During the mid-2000s, I decided to act on a long-cherished desire to be self-employed. I created a plan that would allow me to work part-time on my new endeavor. I formed a corporation, lined up financing, and purchased an expensive piece of land needed for my new venture, which was to build an environmentally sustainable house to sell. As I was preparing for the next step, the Great Recession hit. The land lost considerable value, housing prices sank, and my building idea was no longer financially viable. It appeared that my fledgling business idea was a poorly-timed plan that had run afoul of the boom-and-bust business cycle and become a victim of the economic downturn. My full-time employer was also affected, and my position required me to be intimately involved in making adjustments that would keep the corporation financially healthy, while avoiding layoffs and continuing to provide services, even to those who were struggling financially.

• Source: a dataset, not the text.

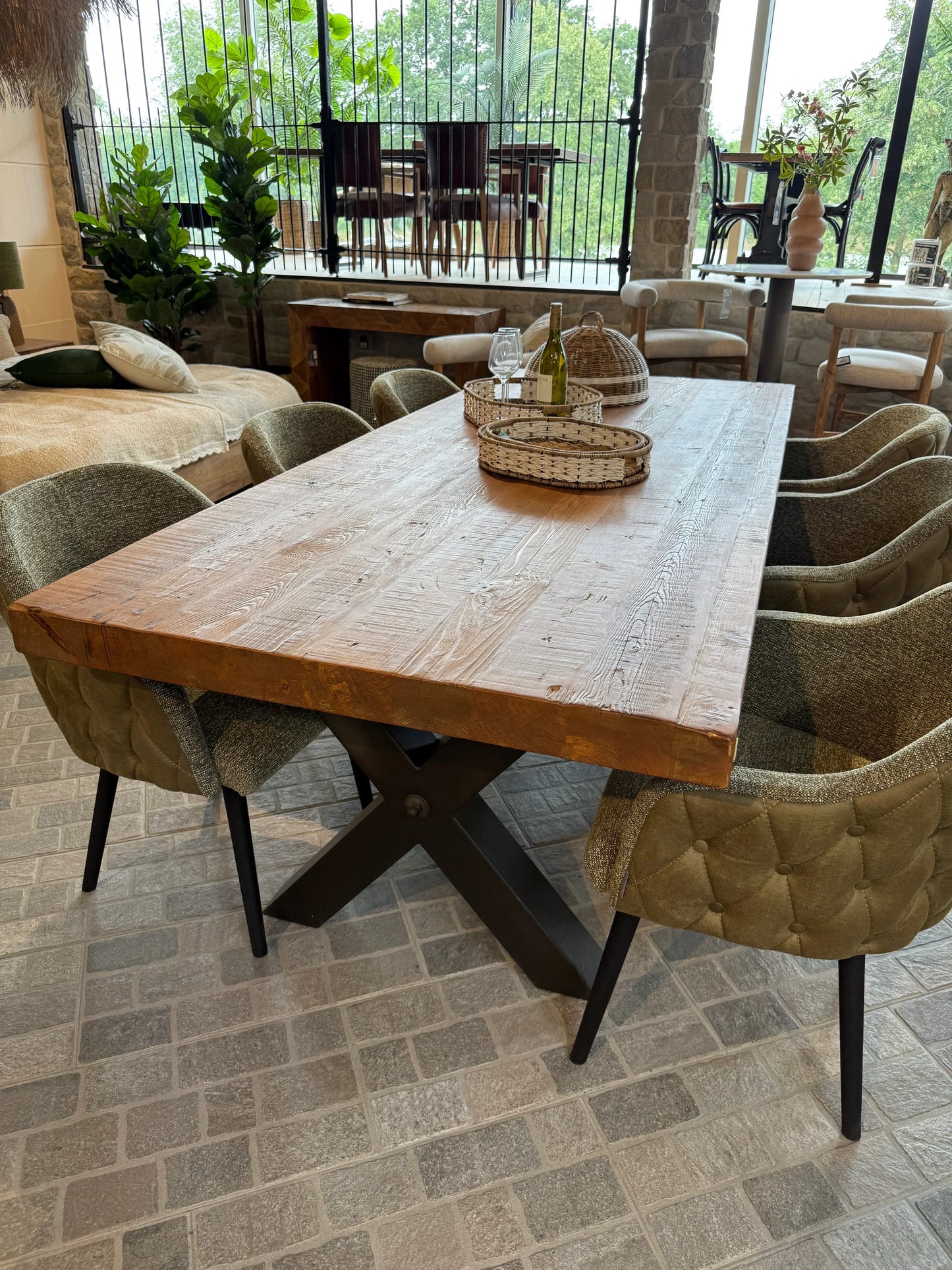 Table en Bois Massif avec Élégants Pieds en X RIETI - 300 x 110 cm - meuble-ebeniste.com devient meuble-ebeniste.fr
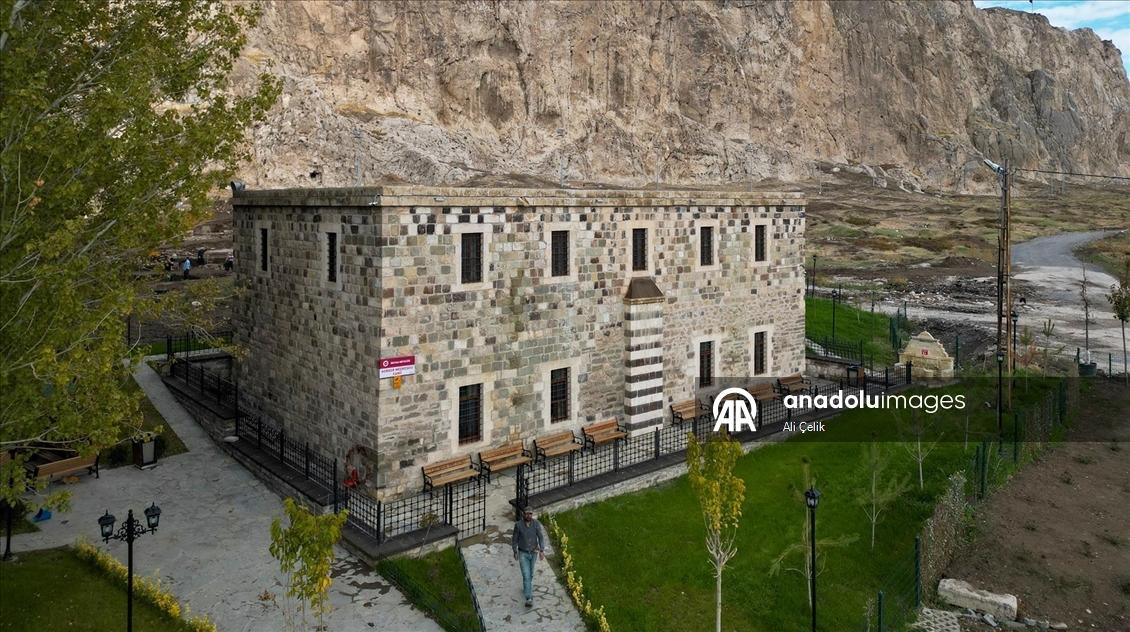 Tarih ve doğayla bütünleşen Horhor Cami, restorasyonun ardından cemaatiyle buluştu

As a Christian Scientist, I had learned that our substance comes from Spirit, God. This idea comes from the Bible, which tells us that God created everything with His Word (see Genesis 1 and John 1:1–3). God’s Word must be spiritual, because God is Spirit (see John 4:24), which means that our substance is truly spiritual. Therefore, our supply of good is not based on economic or material conditions, but is instead a spiritual grace provided to each of God’s children.
Christ Jesus knew spiritual substance so well that he twice fed many thousands of people with very few loaves and fishes (see Mark 6:34–44 and Mark 8:1–9). Other spiritually minded Bible characters also proved that their abundance came from God. For instance, Job was severely tested when he lost everything. But he refused to lose his faith in God’s goodness, even when he strongly questioned why he had lost his family and possessions. He bore his tribulation patiently and learned a valuable lesson that resulted in a doubling of his original abundance.
These stories helped me as I patiently prayed for direction with my new business venture. The Old English word for God is good, so my prayers included knowing that God’s plan is always good. I also continued my daily study of the Bible and of Science and Health with Key to the Scriptures by Mary Baker Eddy, both of which teach that our faith in Spirit provides a well-grounded hope for success. We read in Hebrews, “Faith is the substance of things hoped for, the evidence of things not seen” (11:1). Although we can’t see Spirit or spiritual substance—just as we can’t see love—we can still know that it exists.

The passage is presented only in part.